- **Task objective**: Your answer must be the exact lines from the one holding "Schiller statue in" through the last line of the records below, with no pictures.

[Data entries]
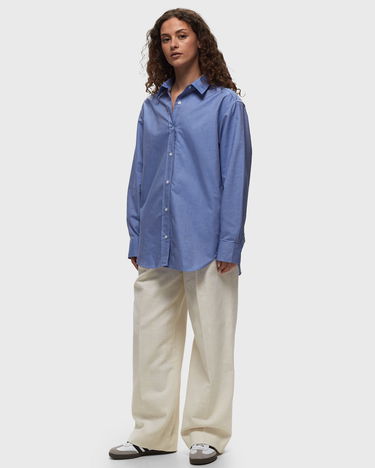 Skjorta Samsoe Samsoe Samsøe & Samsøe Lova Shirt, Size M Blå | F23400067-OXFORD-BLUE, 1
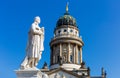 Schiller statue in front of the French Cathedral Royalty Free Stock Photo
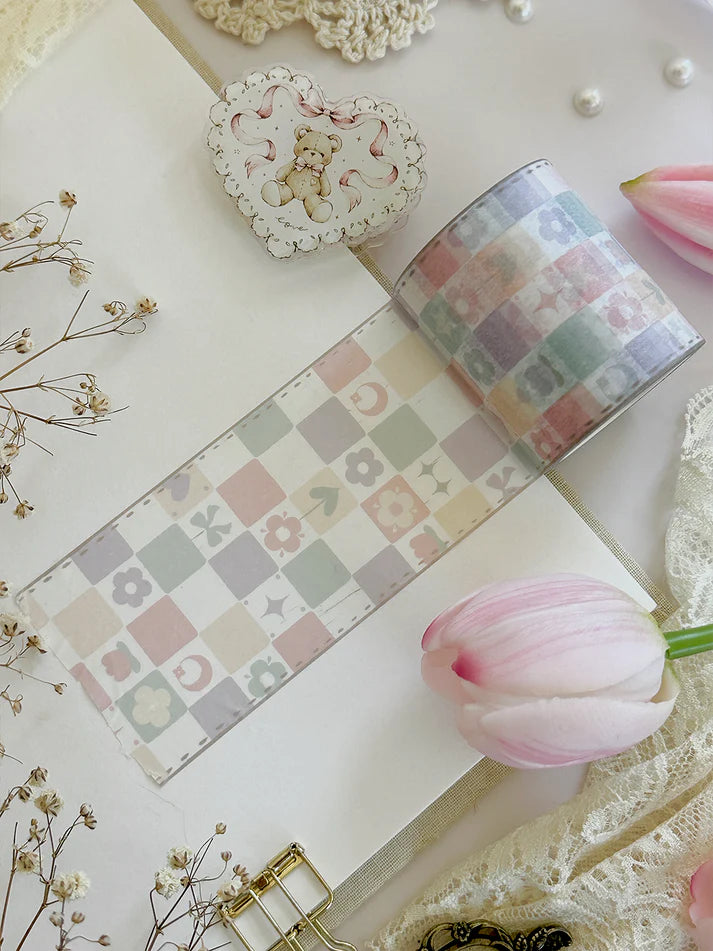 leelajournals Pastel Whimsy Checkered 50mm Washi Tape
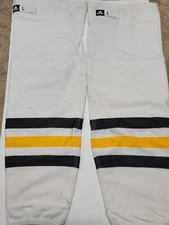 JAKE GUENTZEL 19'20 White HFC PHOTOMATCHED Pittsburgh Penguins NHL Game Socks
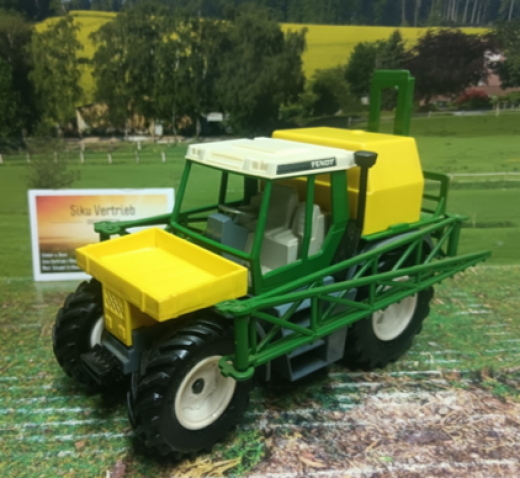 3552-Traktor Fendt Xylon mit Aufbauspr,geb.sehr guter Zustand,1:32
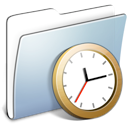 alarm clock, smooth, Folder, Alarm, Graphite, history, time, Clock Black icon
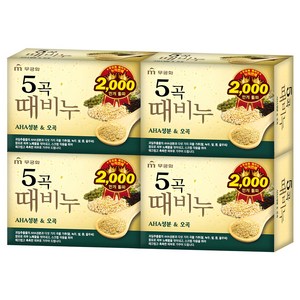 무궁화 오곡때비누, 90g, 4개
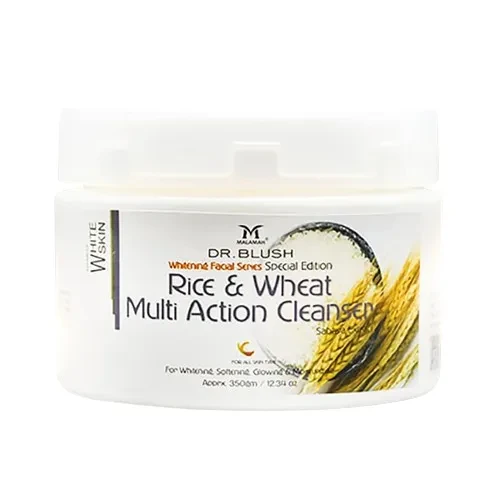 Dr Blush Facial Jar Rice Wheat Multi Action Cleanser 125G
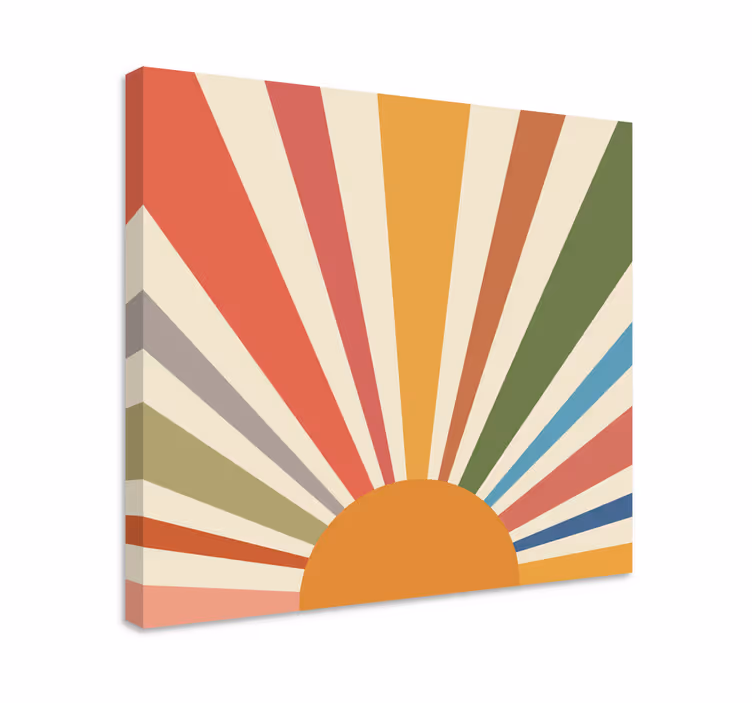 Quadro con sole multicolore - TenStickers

- **Exercise output**:
 Schiller statue in front of the French Cathedral Royalty Free Stock Photo
 leelajournals Pastel Whimsy Checkered 50mm Washi Tape
 JAKE GUENTZEL 19'20 White HFC PHOTOMATCHED Pittsburgh Penguins NHL Game Socks
 3552-Traktor Fendt Xylon mit Aufbauspr,geb.sehr guter Zustand,1:32
 alarm clock, smooth, Folder, Alarm, Graphite, history, time, Clock Black icon
 무궁화 오곡때비누, 90g, 4개
 Dr Blush Facial Jar Rice Wheat Multi Action Cleanser 125G
 Quadro con sole multicolore - TenStickers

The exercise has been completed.